Sempre secondo la Rbi, nel 2015 si contavano in tutta l’India 1,440 milioni di conti correnti (non nominali, come sopra ci si può aprire conti in diverse banche allo stesso nome). Oltre il 40 per cento dei quali, secondo la Banca Mondiale, «dormienti», cioè non utilizzati per più di 24 mesi. Aggiungendo anche che il 40 per cento della popolazione indiana (totale: 1,3 miliardi di persone) è sotto i 18 anni, quindi non può intestarsi un conto, è difficilissimo capire effettivamente quante persone nel paese siano inserite nel sistema bancario nazionale. Ciò che non è difficile capire è che il governo, di persone che aprano conti in banca, ne vuole sempre di più.

Spingere chi ha soldi nel sistema bancario

Al netto di tutti i dati elencati qui sopra, pare evidente che l’obiettivo reale dell’amministrazione Modi, più che combattere seriamente la corruzione e l’evasione fiscale – lasciando, anche in questi tempi di demonetizzazione, diverse scappatoie – sia forzare la upper middle class a passare per il sistema bancario nazionale semplicemente eliminando, nel breve termine, tutte le alternative. Le banche e i «benefici» a loro annessi saranno sempre più inevitabili, con conseguenze non solo rosee.

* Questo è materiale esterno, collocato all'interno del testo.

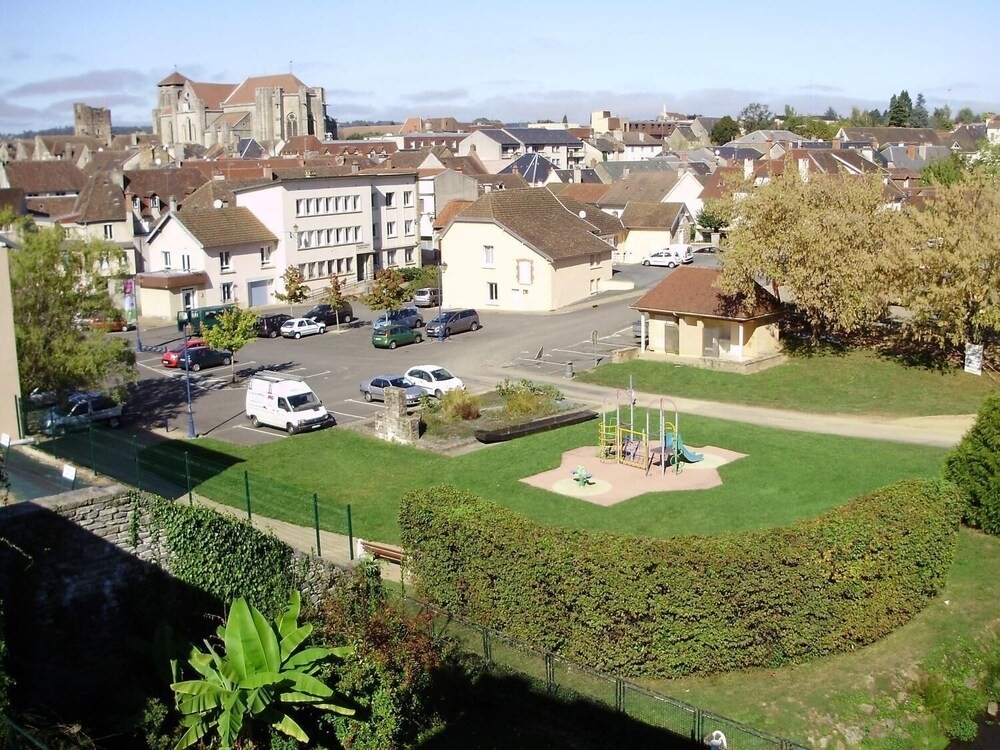 Maison Du Moulinassou B&B, Hôtel à Saint-Yrieix-la-Perche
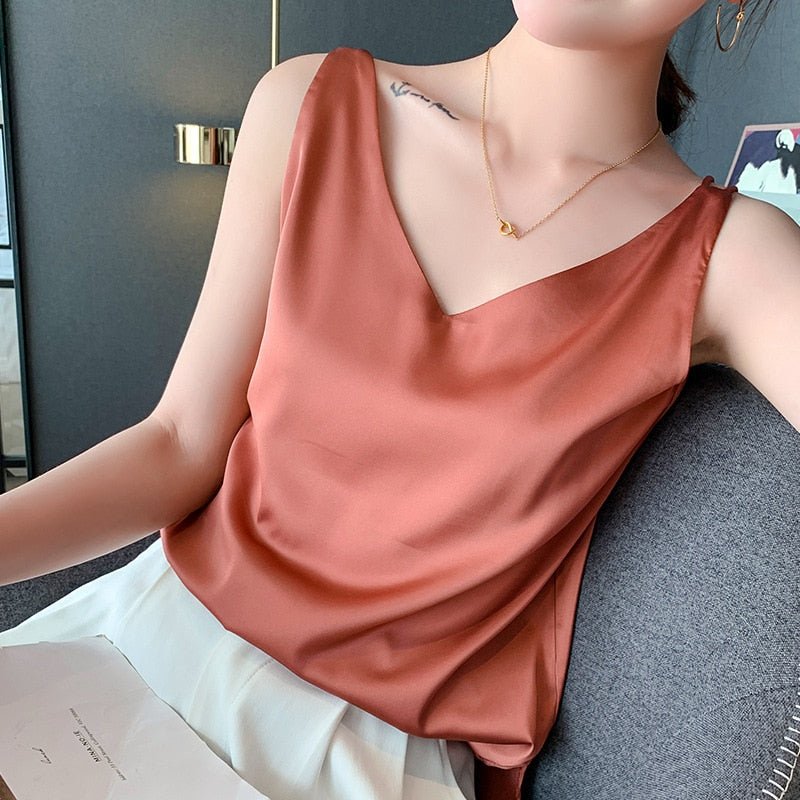 Elara | Women’s Sleeveless Top with V-Neck and Relaxed Fit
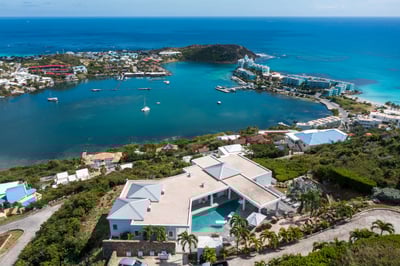 Luxury Villa Photo #2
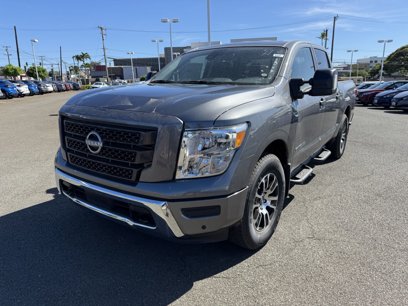 New 2024 Nissan Titan SV w/ SV Convenience Package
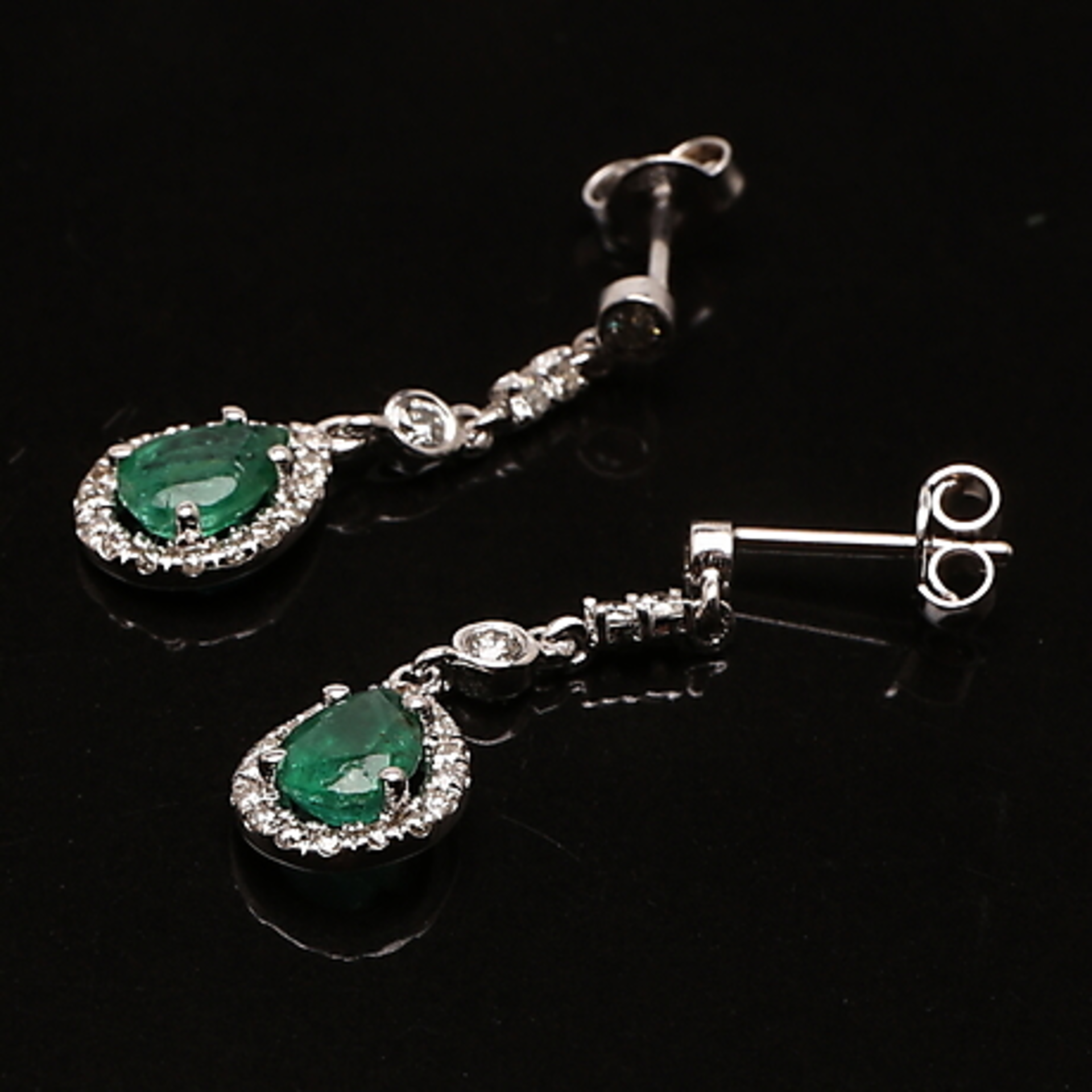 Earrings with drip-shaped emeralds and brilliant cut diamonds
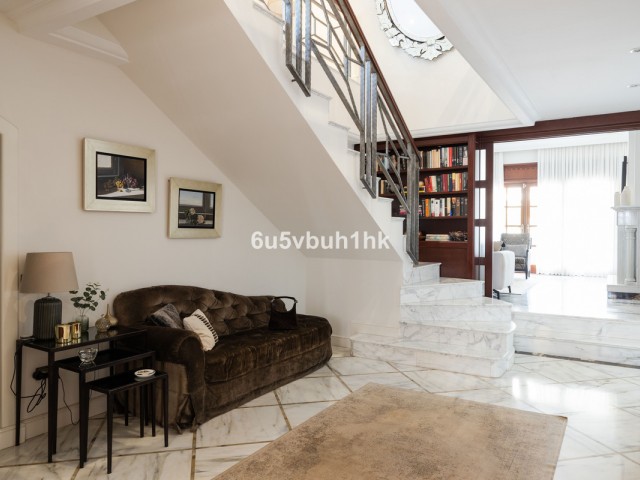 Villa con 6 Dormitorios  en Málaga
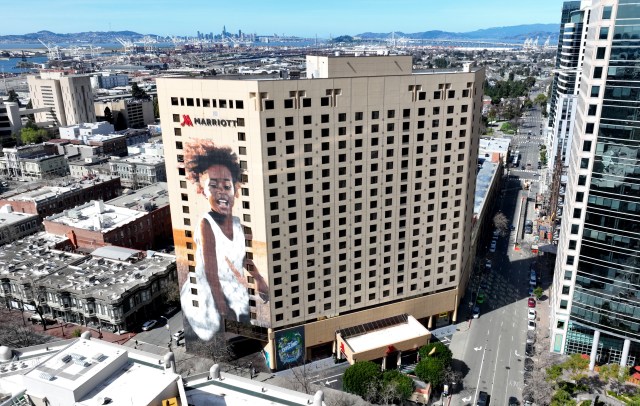 big-oakland-hotel-flops-into-loan-default-2, 8400025,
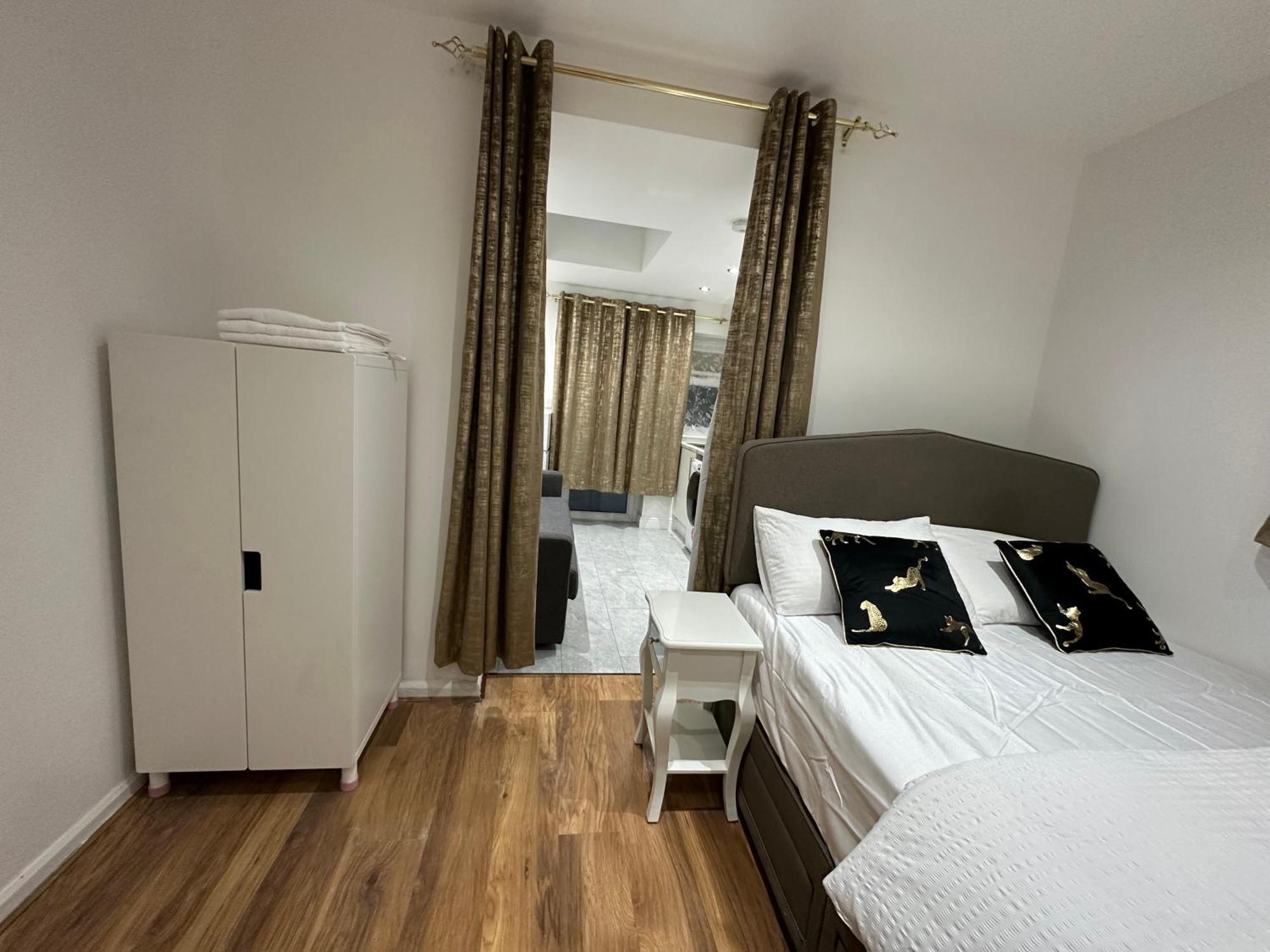 4Th Studio Flat With Private Own Bathroom A London Luxury Family Home Setup And Furnished With Double Bed Plus A Double Futon-Sofa Bed A Single Futon Bed A Baby Cot And Garden And Free Parking Eksteriør bilde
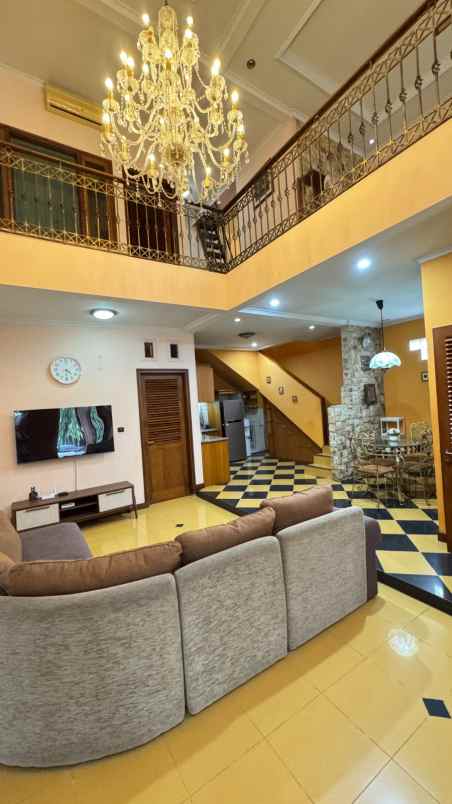 disewakan rumah komplek kawaluyaan indah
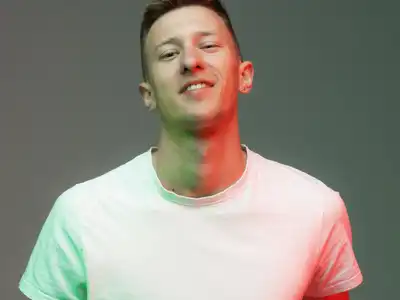 Миша Май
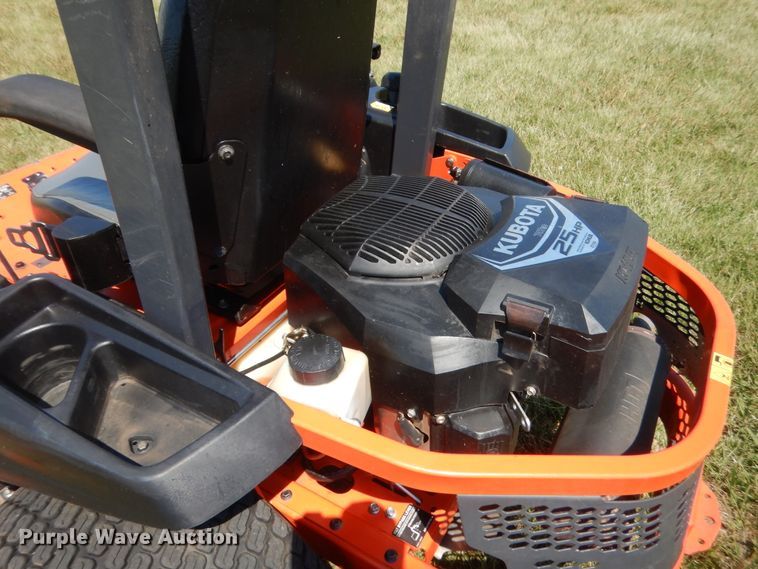 image for item IT9504 Kubota Z125SKH  ZTR lawn mower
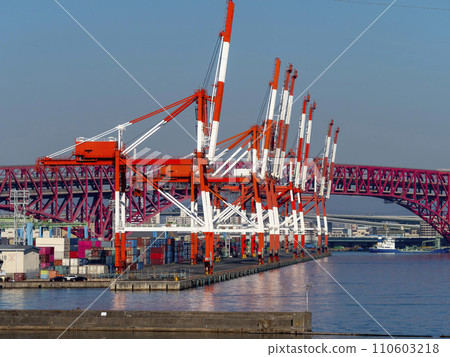 大阪港內港龍門起重機和貨櫃碼頭 110603218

La transizione, relativamente dolorosa per questo segmento di popolazione già digitalizzata, porterà direttamente a un aumento dei depositi nelle banche, un aumento di liquidità negli istituti a sua volta utile per finanziare grandi opere infrastrutturali e, come ammesso dallo stesso ministro delle finanze Jaitley, aumentare la capacità delle banche di prestare soldi. E, nel frattempo, incentivare i consumi tracciabili da banche e applicazioni internet, con l’effetto per nulla collaterale di poter accumulare una montagna di metadati utili ai fini del marketing, come notava su Catchnews Usha Ramanathan.

La scommessa, insomma, sembra concentrarsi sul valore di mercato della tracciabilità dei consumi, alla ricerca di un sistema attraverso il quale poter capire e organizzare in dati utilizzabili (vendibili?) a scopi di marketing le abitudini di milioni di consumatori indiani. La domanda, a questo punto, è: chi e come gestirà questa massa di dati?